NASSAU, The Bahamas, Oct. 12, 2011 (GlobeNewswire via COMTEX) — Steiner Leisure Limited STNR +2.43% has entered into an agreement for the acquisition of the assets of Cortiva Group Inc. (“Cortiva”). Cortiva operates seven post-secondary massage therapy schools with a total of 12 campuses located in Arizona, Florida, Illinois, Massachusetts, New Jersey, Pennsylvania and Washington and which had revenues in 2010 of approximately $24.6 million. Post-closing, Steiner, through its schools division, would own and operate a total of 30 campuses in 14 states with an anticipated total population of approximately 5,200 students.

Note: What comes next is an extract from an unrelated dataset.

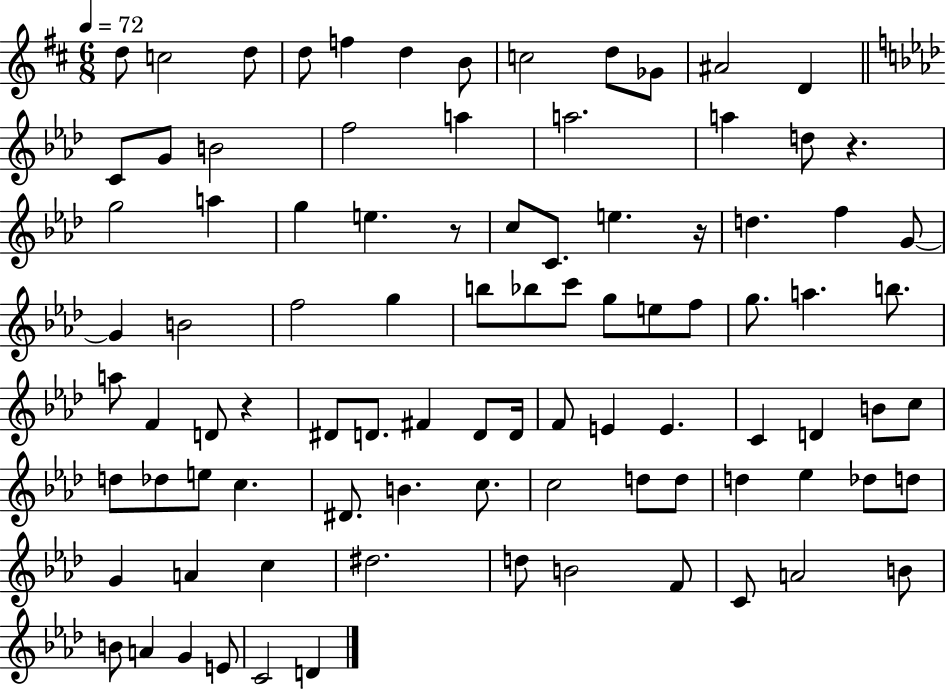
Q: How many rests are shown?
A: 4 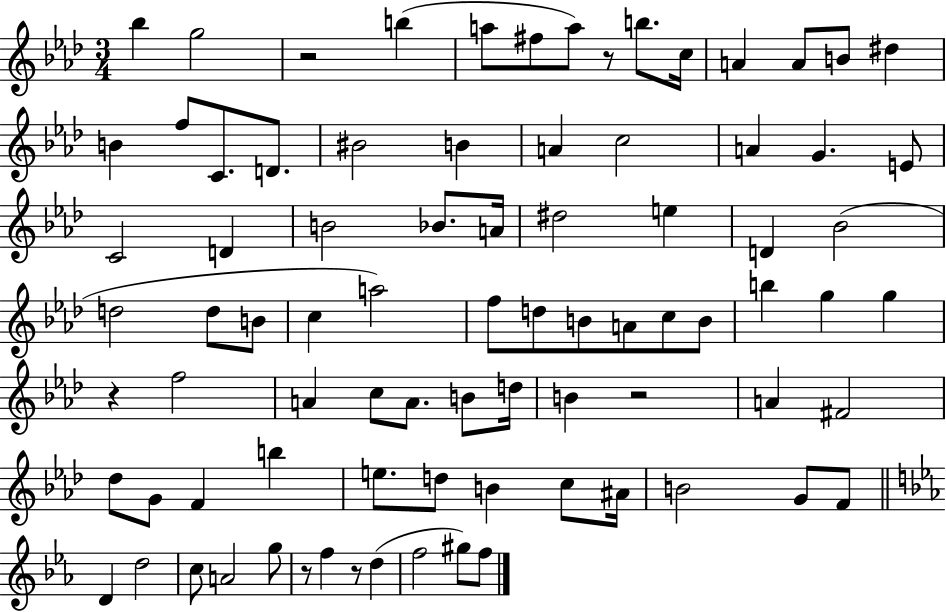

This transaction, which is expected to be accretive to earnings post integration and neutral to slightly accretive to earnings in 2012, has a purchase price of $33.0 million in cash. Prior to closing, it will be determined to the extent which the purchase price will be paid from existing cash and/or through borrowings under our credit facility.

Leonard Fluxman, president and chief executive officer of Steiner, said, “The acquisition of Cortiva Institute, a well-known participant in the massage therapy education field and one of our longtime competitors, would considerably expand and fortify the presence of our Schools division in the post-secondary massage therapy school market. The integration of Cortiva’s extensive massage therapy offerings into our existing curriculum, as well as the availability of a variety of new campus locations in several regions of the United States new to us, would further assist the growth of our Schools division. We look forward to introducing even more graduates, with increasingly diverse skill sets, into the growing massage therapy and spa industries.”

Closing of the transaction, which is anticipated to take place in 2011, is subject to conditions similar to those in other transactions of this type including, among others, the receipt of regulatory approval from the Department of Education (the Cortiva schools are eligible to receive Title IV student loan funding).

Steiner Leisure Limited is a worldwide provider of spa services. The company’s operations include shipboard and land-based spas and salons. We provide our services on 155 cruise ships and at 68 land-based spas. Our land-based spas include resort spas, urban hotel spas and day spas and are operated under our Elemis(R), Mandara(R), Chavana(R), Bliss(R) and Remede(R) brands. In addition, a total of 28 resort and hotel spas are operated under our brands by third parties pursuant to license agreements with the Company. Our cruise line and land-based resort customers include Azamara Club Cruises, Caesar’s Entertainment, Carnival Cruise Lines, Celebrity Cruises, Crystal Cruises, Cunard Cruise Line, Hilton Hotels, Holland America Line, InterContinental Hotels and Resorts, Kerzner International, Loews Hotels, Marriott Hotels, Nikko Hotels, Norwegian Cruise Line, P&O Cruises, Planet Hollywood, Princess Cruises, Royal Caribbean Cruises, Seabourn Cruise Lines, Silversea Cruises, Sofitel Luxury Hotels, St. Regis Hotels, Thomson Cruises, W Hotels and Resorts, Westin Hotels and Resorts and Windstar Cruises. Our award-winning Elemis, Bliss and Remède brands are used and sold in our cruise ship and/or land-based spas and are also distributed worldwide to exclusive hotels, salons, health clubs, department stores and destination spas. Our products are also available at www.timetospa.com and www.blissworld.com.

Steiner Leisure also owns and operates five post secondary schools (comprised of a total of 18 campuses) located in Miami, Orlando, Pompano Beach and Sarasota, Florida; Baltimore, Maryland; Charlottesville, Virginia; York, Pennsylvania; Salt Lake City and Lindon, Utah; Las Vegas, Nevada; Tempe and Phoenix, Arizona; Westminster and Aurora, Colorado; Groton, Newington and Westport, Connecticut; and Dallas, Texas. Offering programs in massage therapy and, in some cases, skin care, these schools train and qualify spa professionals for health and beauty positions within the Steiner family of companies or other industry entities.